In 1859 George Rutherford took his two eldest sons over to North Canterbury, New Zealand, with staff and stock for a sheep run; the following year the rest of his family joined him. Early in 1861 he began leasing and freeholding land in the Cheviot district with Alfred Domett, then commissioner of Crown lands in Nelson. Andrew and his brother William were put in partnership with Domett, who named the run Mendip Hills. When Domett retired to England in 1871 the brothers bought him out; Andrew later purchased William's share and became sole owner. Over the next 40 years he increased the run to about 38,000 acres and made it one of the finest in the Amuri district.

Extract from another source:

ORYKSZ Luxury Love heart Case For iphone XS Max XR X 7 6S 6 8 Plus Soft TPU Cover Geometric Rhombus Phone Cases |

Andrew Rutherford was head of a clan of seven brothers who owned extensive pastoral properties throughout Canterbury and were classed among the 'wool kings' of the Amuri district. He also became a leading breeder of merino sheep from South Australia. He was prepared to spend freely in order to have the best strains to breed from, and his sheep were a feature of agricultural shows throughout New Zealand. Rutherford married 15-year-old Emily June (Jane) Monk at Waiau on 3 November 1873; they were to have six sons (one of whom died at birth) and four daughters.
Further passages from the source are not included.